Mais, entre dire d'un côté que très peu d'entre elles sont réellement décisives et de l'autre que leur issue militaire n'a que peu de poids revient à passer d'un extrême l'autre. Il y a tout un éventail de situations entre les deux que tu balayes du revers de la main, ce qui revient à simplifier à l'extrême.
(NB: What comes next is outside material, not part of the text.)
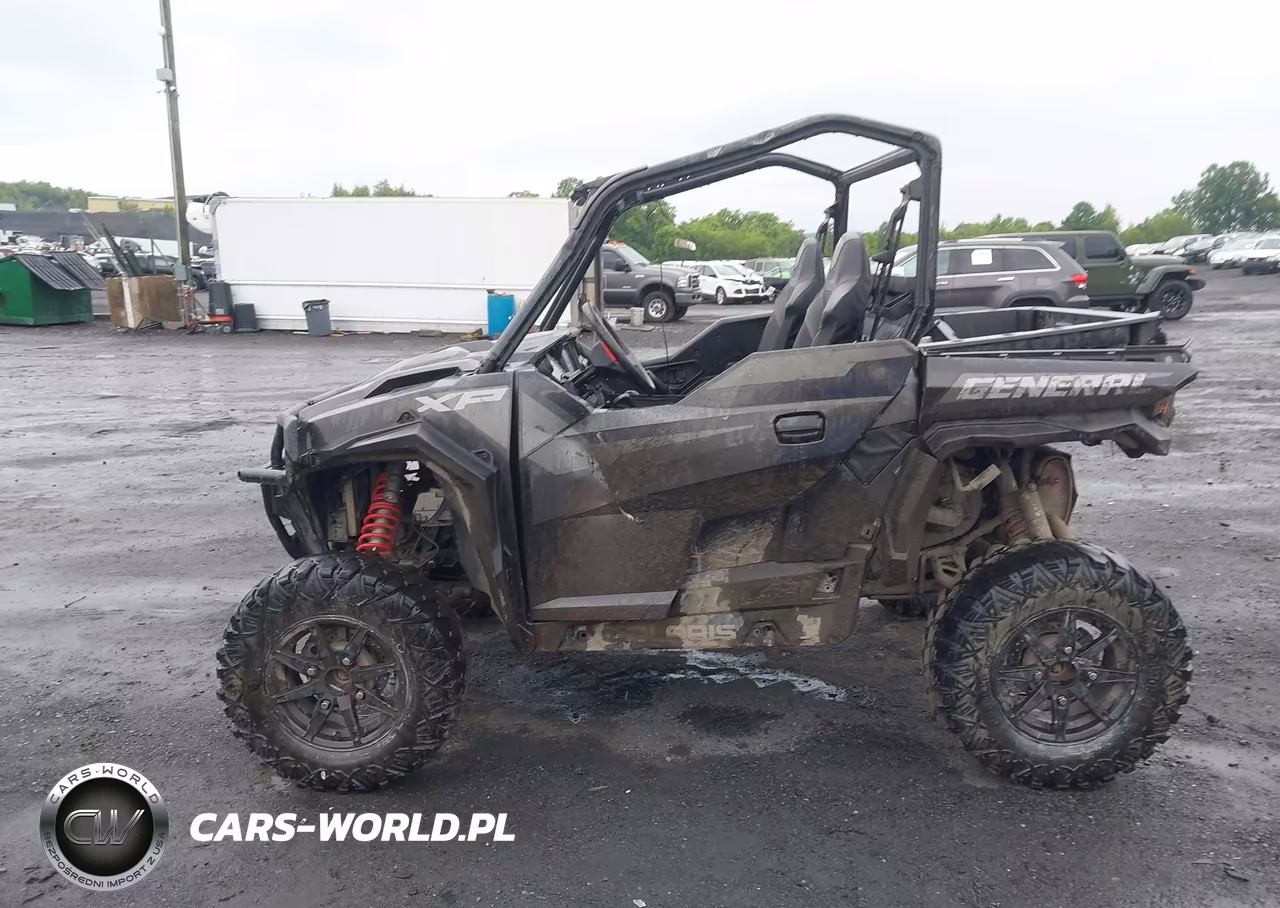 2021 Polaris General Xp 1000 Deluxe Ride Command VIN:3NSGXJ991MH205502 - 14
De façon générale, toute bataille doit être prise en compte dans le contexte auquel elle appartient et qui est multidimensionnel - politique, économique, social, technique, culturel, religieux - et seule une analyse fine, au cas par cas, permettra d'en mesurer l'impact depuis le quasi nul à la bataille décisive, cas certes rare, mais qui existe bien dans l'éventail des possibilités.

Egill a écrit :Ce qui conforte quelque peu les propos de Clémenceau: "la guerre est une affaire trop grave pour la laisser aux militaires".

Tout comme il est tout aussi grave de ne la laisser qu'aux hommes politiques... Clémenceau et ses copains ont suffisamment merdé à la sortie de la Première Guerre mondiale pour le savoir mieux que quiconque.

Don Lopertuis
(20-10-2018, 09:04)Cyrus33 a écrit : Et Poitiers, niveau affrontement militaire, on fait mieux. Quelques milliers de cavaliers musulmans venus razzier entre Aquitaine et bords de Loire. Des Francs qui viennent pour remettre de l'ordre. Deux forces de tout au plus quelques milliers de soldats, deux trois escarmouches, les cavaliers berbères qui se heurte à l'infanterie lourde franque et finalement choisissent de mettre les voiles pour rentrer au pays sans trop de dommages...
Par contre politiquement, alors là, c'est typiquement le genre de non-événement que les chroniqueurs (ici, chrétiens)  et le pouvoir lui-même montent en épingle, les premiers pour plaire au pouvoir, le second pour affermir son autorité.

Je suis d'accord sur le fait que l’événement a été monté en épingle a posteriori (et même des siècles plus tard) pour servir d'outil politique, de propagande et de symbole.  Mais cela n'empêche pas qu'il ait pu avoir avoir aussi un impact très réel au moment des faits.  Regarde un peu et tu verras qu'il y a un sérieux débat dans la communauté historique concernant Poitiers.  Et en passant, 15 à 20 000 hommes de chaque côté, ce n'est pas une petite escarmouche (pour l'époque) non plus.

Pour certains historiens, on est sur un événement mineur tel que tu le décris.  Pour d'autres (et je ne parle pas d'obscur zozo dans une cave mais d'historiens bien établis et sérieux), il faut prendre en compte la méthode de conquête musulmane : des razzias pendant un temps, qui servent d'éclairage de la cible.  Si celle-ci ne résiste pas (ou peu) aux razzias, l'invasion est mise en route pour une conquête définitive.  En stoppant sèchement les razzias à Poitiers, Martel met un frein réel à l'expansion arabe en Europe.   Je ne prétend pas trancher ici ce débat entre historiens de haut vol mais il me semble utile de remettre en question l'analyse qui fait de Poitiers un pur produit de propagande.  On peut même se demander si cette vision n'est pas une réponse excessive au fait que l'on a pendant si longtemps utilisé de manière excessive cette bataille comme objet de propagande.  Entre Martel sauveur de l'occident et une petite rixe sans importance, il y a peut-être une analyse plus équilibrée à creuser.